Exercise>
Retype, word for word, the line holding "More Photos Of" and each line after it down to the end of the data; pictures are not copied.

[Brief descriptive captions]
- Opening Delimiter -

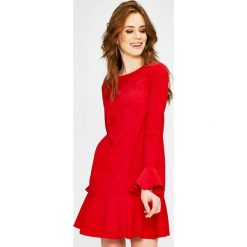 Answear - Sukienka. Czerwone sukienki damskie ANSWEAR, z elastanu, casualowe, z okrągłym kołnierzem. W wyprzedaży za 69.90 zł.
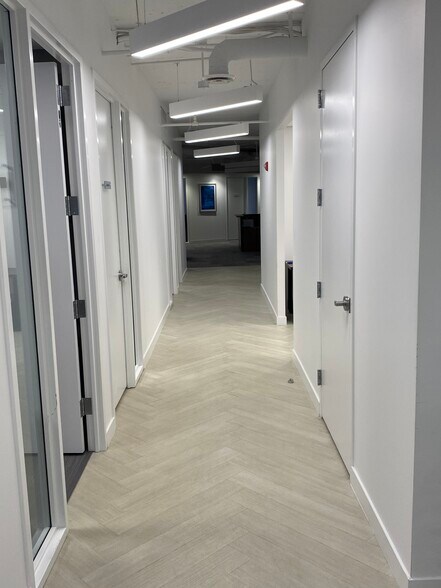 More Photos Of 225 Reinekers Ln, Alexandria Office For Lease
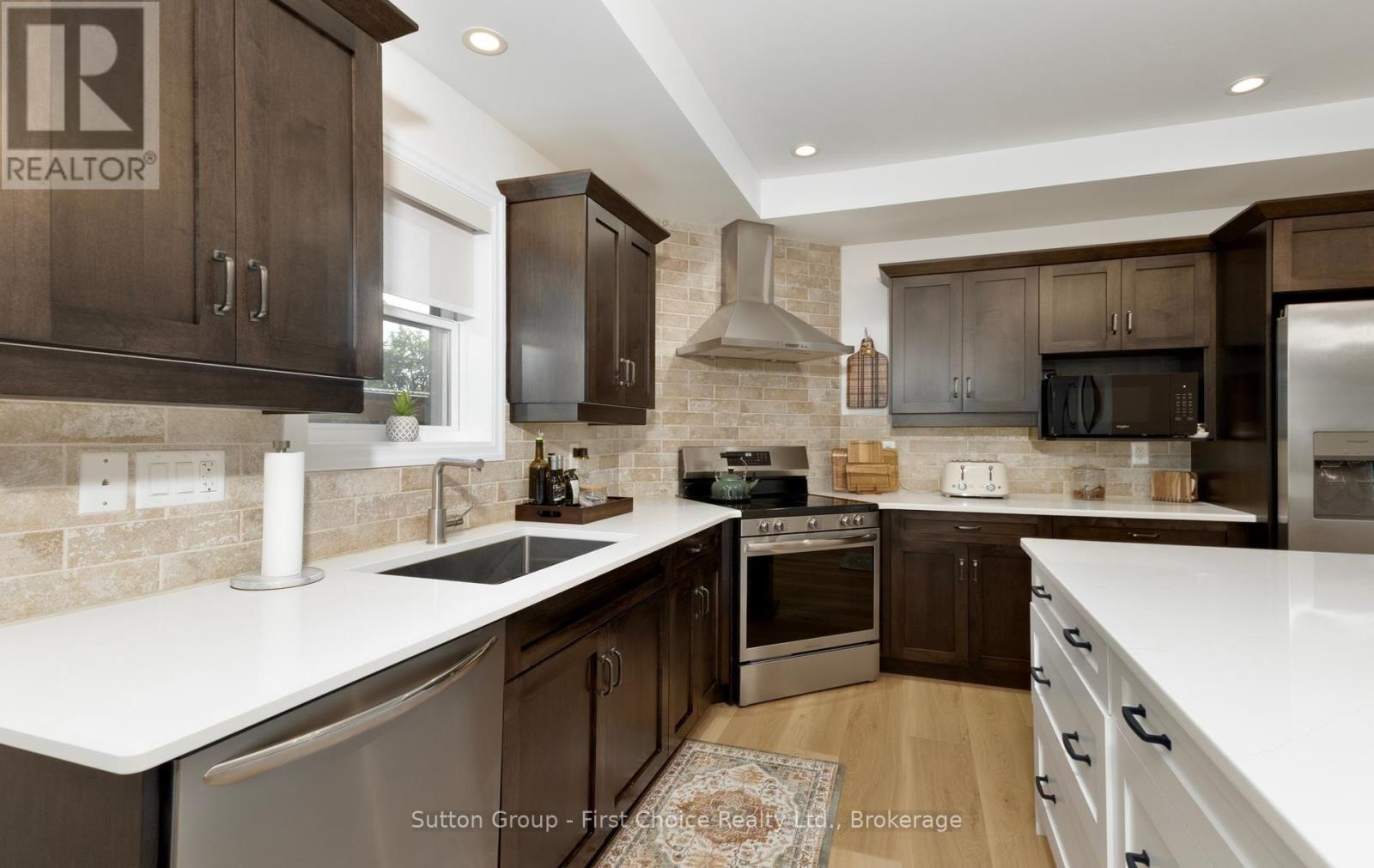 247 SUNSET DRIVE - Image 12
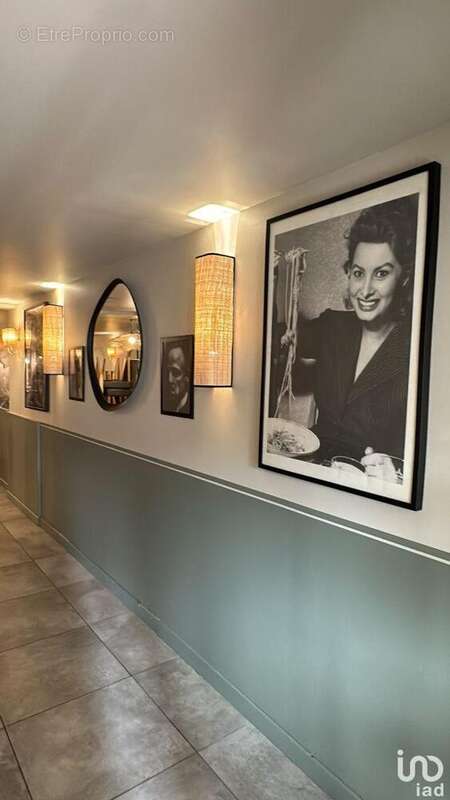 Photo 3 - Commerce à SENS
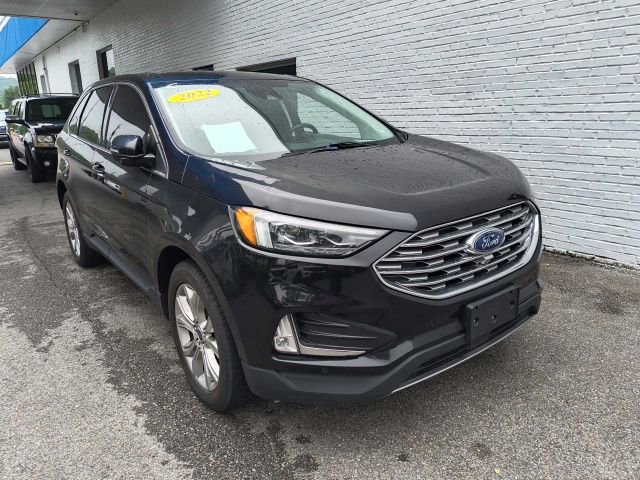Used 2022 Ford Edge Titanium w/ Equipment Group 301A AWD/4WD image 2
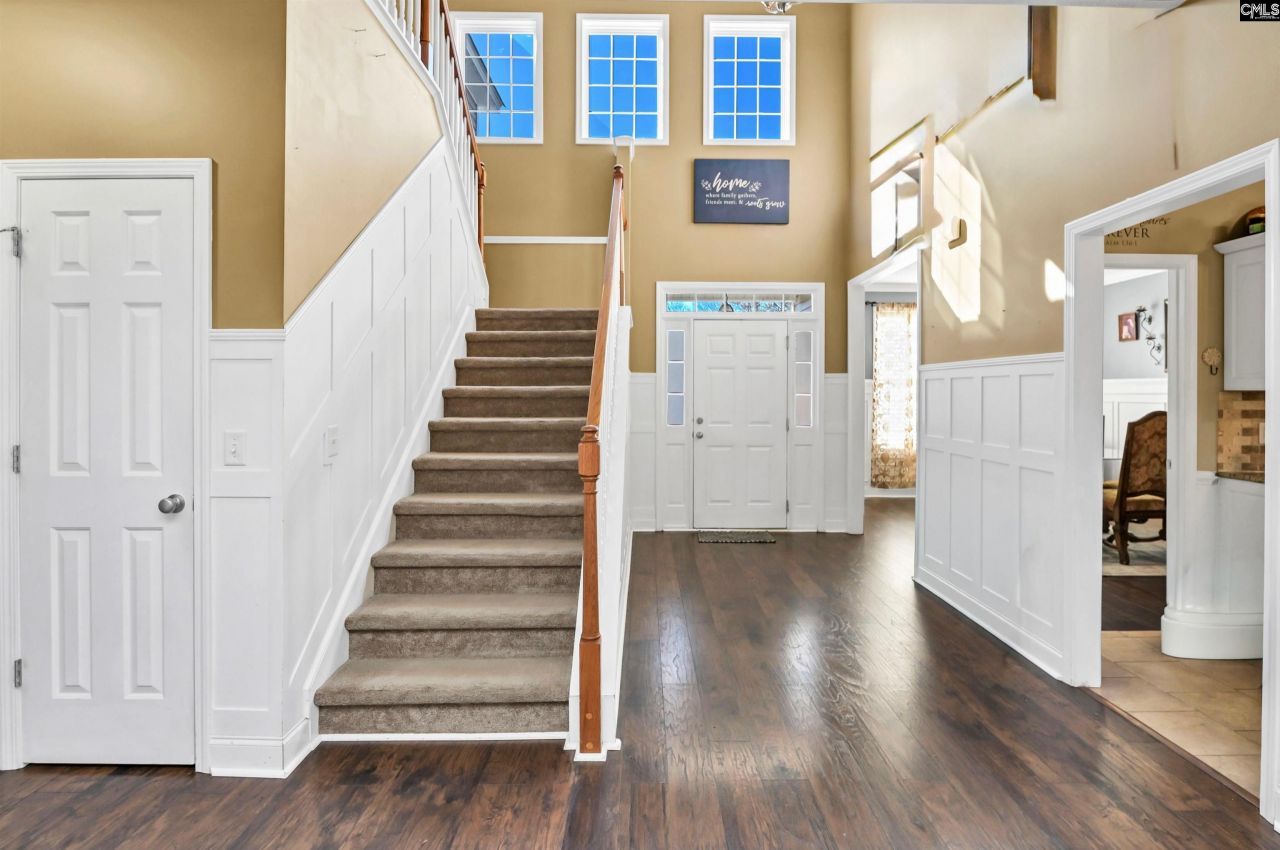 281 Castlebury Drive Photo 33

- Closing Delimiter -

Answer to this problem>
 More Photos Of 225 Reinekers Ln, Alexandria Office For Lease
 247 SUNSET DRIVE - Image 12
 Photo 3 - Commerce à SENS
Used 2022 Ford Edge Titanium w/ Equipment Group 301A AWD/4WD image 2
 281 Castlebury Drive Photo 33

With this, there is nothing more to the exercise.